Ex1 = read.csv("https://www.ics.uci.edu/~zhaoxia/Data/BeyondTandANOVA/Example1.txt", head=T)
Ex1$treatment_idx = as.factor(Ex1$treatment_idx)

In in the inner mathematical computation, four dummy variables, which take value 0 or 1, are generated: $x_{ij,1} = 1$ for 24 hours, $x_{ij,2} = 1$ for 48 hours, $x_{ij,3} = 1$ for 72 hours, and $x_{ij,4} = 1$ for 1 week after ketamine treatments, respectively. Remarks. (1) Note that the variable for baseline $x_{ij,0} = 0$ is not needed in the equation, as the effect at baseline serves as the reference for other groups. (2) users do NOT need to define the the dummy variables, as they are generated as a inner step in the mathematical computation. We present the inner working to help readers understand how the parameters ($\beta_0, \beta_1, \beta_2, \beta_3, \beta_4$) are connected to the treatment levels.

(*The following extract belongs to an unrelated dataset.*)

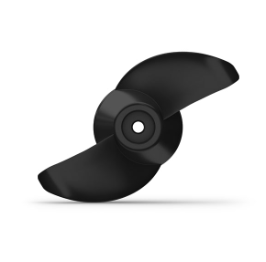 GARMIN 0101283201 PROP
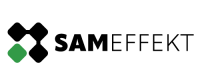 Sameffekt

Because there are multiple observations from the same animal, the data are naturally clustered by animal. We account for the resulting dependence by adding an animal specific mean to the regression framework discussed in the previous section, as follows:

\[Y_{ij} = \beta_0 + x_{ij,1}\beta_1 + … + x_{ij,4}\beta_4 + u_i + \epsilon_{ij}, i=1, …, 24; j=1, …, n_i;\]

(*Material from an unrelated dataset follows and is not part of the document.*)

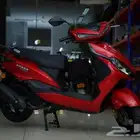 البطة DX فوكسر 2025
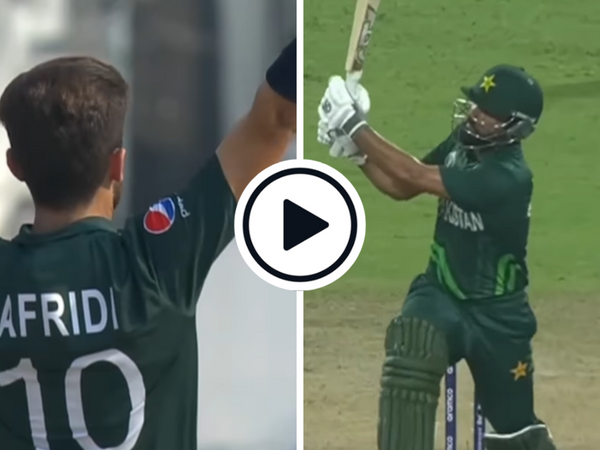 pak-v-ban-highlights-pakistan-eliminate-bangladesh-stay-alive-semi-final-cwc-2023.Click to read full article.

where $n_i$ is the number of observations from the $i$th mouse, $u_i$ indicates the deviance between the overall intercept $\beta_0$ and the mean specific to the $i$th mouse, and $\epsilon_{ij}$ represents the deviation in pCREB immunoreactivity of observation (cell) $j$ in mouse $i$ from the mean pCREB immunoreactivity of mouse i. Among the coefficients, the coefficients of the fixed-effects component, ($\beta_0, \beta_1, \beta_2, \beta_3, \beta_4$), are assumed to be fixed but unknown, whereas ($u_1, \cdots, u_{24}$) are treated as independent and identically distributed random variables from a normal distribution with mean 0 and a variance parameter that reflects the variation across animals. It is important to notice that the cluster/animal-specific means are more generally referred to as random intercepts in an LME. Similar to the treatment variable, for the animal ID variable, the users do not need to define the dummy variables, which are generated by R automatically in its inner working. Thus, equivalently, one could write the previous equation by using a vector ($z_{ij,1}, …, z_{ij,24}$) of dummy variables for the cluster/animal memberships such that $z_{ij,k}=1$ for $i=k$ and 0 otherwise:

\[Y_{ij} = \beta_0 + x_{ij,1}\beta_1 + … + x_{ij,4}\beta_4 + z_{ij,1}u_1 + … + z_{ij,24}u_{24} + Ԑ_{ij}, i=1, …, 24; j=1, …, n_i;\] In the model above, $Y_{ij}$ is modeled by four components: the overall intercept $\beta_0$, which is the population mean of the reference group in this example, the fixed-effects from the covariates ($x_{xij,1}, …, x_{ij,4}$), the random-effects due to the clustering ($z_{ij,1}, …, z_{ij,24}$), and the random errors $\epsilon_{ij}$’s, assumed to be independently and identically distributed (i.i.d.) from a normal distribution with mean 0.

It is often convenient to write the LME in a very general matrix form, which was first derived in (Henderson et al. (1959)). This format gives a compact expression of the linear mixed-effects model:

$Y= \beta_0 \mathbf{1} + X\beta +Zu + Ԑ,$

where $Y$ is an n-by-1 vector of individual observations, $\mathbf{1}$ is the $n-by-1$ vector of ones, the columns of $X$ are predictors whose coefficients $\beta$, a $p-by-1$ vector, are assumed to be fixed but unknown, the columns of $Z$ are the variables whose coefficients $u$, a $q-by-1$ vector, are random variables drawn from a distribution with mean 0 and a partially or completely unknown covariance matrix, and $\epsilon_{ij}$ is the residual random error.

References

Henderson, Charles R, Oscar Kempthorne, Shayle R Searle, and CM Von Krosigk. 1959. “The Estimation of Environmental and Genetic Trends from Records Subject to Culling.” Biometrics 15 (2): 192–218.